The family of a Canadian man suffering from amyotrophic lateral sclerosis (ALS) urged the Government of his country to change the way he treats patients, after he received a "death with medical assistance" After years of struggle to receive adequate care at home.
Sean Tagert, 41, was diagnosed with ALS, also known as Lou Gherig's disease, in March 2013. In October 2017, he suffered a cardiac arrest and was subsequently placed in a ventilator. His illness stole his ability to move his body, eat or talk and he communicated through a computer. His mental acuity was not affected.
At that time, Tagert's doctors recommended 24-hour home care, which is typical for a person who uses a full-time ventilator. Vancouver Coastal Health, Tagert's regional health authority, initially only offered 15.5 hours of care per day. Finally, after much effort, they increased their offer to 20 hours a day, which meant that Tagert had to pay $ 263.50 per day for the remaining four hours of required care.
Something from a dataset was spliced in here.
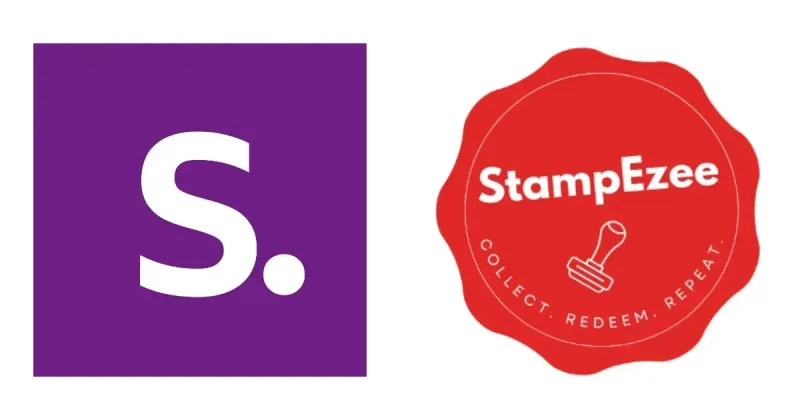 Shor affiliate program vs StampEzee Specs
Tagert and his family continued to fight for the coverage of a full day of care, but without success.
"Hello everyone. Lately I've been silent because I can't take it anymore, I'm tired. So last Friday I officially submitted my death documentation with medical assistance, with lawyers and doctors, all in the correct order. It has been more than a month since I filed my appeal to the Vancouver Coastal Health patient care department. They didn't even respond, ”Tagert wrote in a July 25 post on his Facebook page.
Tagert went on to explain that earlier that day, two Vancouver Coastal Health officials arrived at his house and refused to talk to him when they realized he was recording the conversation. Finally, they told their mother that they were there to cut funds for medical care hours.
"Welcome to the great Canadian health system, people," said Tagert.
On August 6, he received a "death with medical assistance" and died. In Canada, patients over 18 years of age who have been diagnosed with a terminal illness may request a "medically assisted death." The lethal medication can be administered by itself (assisted suicide) or, as in the vast majority of cases in the country, administered by a doctor (euthanasia).
Full funding for this procedure is available and advertised in hospitals throughout Canada.
"We ask, on behalf of Sean, that the Government recognize the serious problems in the treatment of patients with ALS and their families, and find real solutions for those who already suffer in an unimaginable way," reads a publication on its page from Facebook announcing his death.
The publication described the difficulties he faced in staying in his own home.
“Ensuring constant attention was a constant struggle and a source of stress for Sean as a patient. While he managed, with the help of many, to set up a proper care center in his own home (including an expensive saliva suction machine, necessary to prevent suffocation, obtained with the help of donations collected online). The 24-hour attention it required was extremely difficult, especially since the provincial government refused to fully fund home care, ”says the publication.
Tagert had partial custody of his 11-year-old son, Aidan.
“Above all, Sean dedicated himself to his son. Sean used to say that Aidan was his reason for living and that he had a close relationship with him until the end, ”says the publication.
Since Tagert's death, Canadian critics and palliative care physicians have called for changes in the way the country's health system handles patients with complicated health needs.
"No one should feel that death is the only option due to lack of attention," Dr. Leonie Herx, a palliative care physician in Toronto, said on Twitter.
Herx noted the paradox that Canadians currently have the "right" to die with medical assistance, but not palliative and disability care.
"We must do better for vulnerable Canadians," he said.
The ALS Society of Canada did not specifically comment on the Tagert case, but CNA received a statement from CEO Tammy Moore, which said: “People living with ALS should have access to personal care and palliative care adequate to meet your needs".
Death with medical assistance is fully funded in the Canadian health system.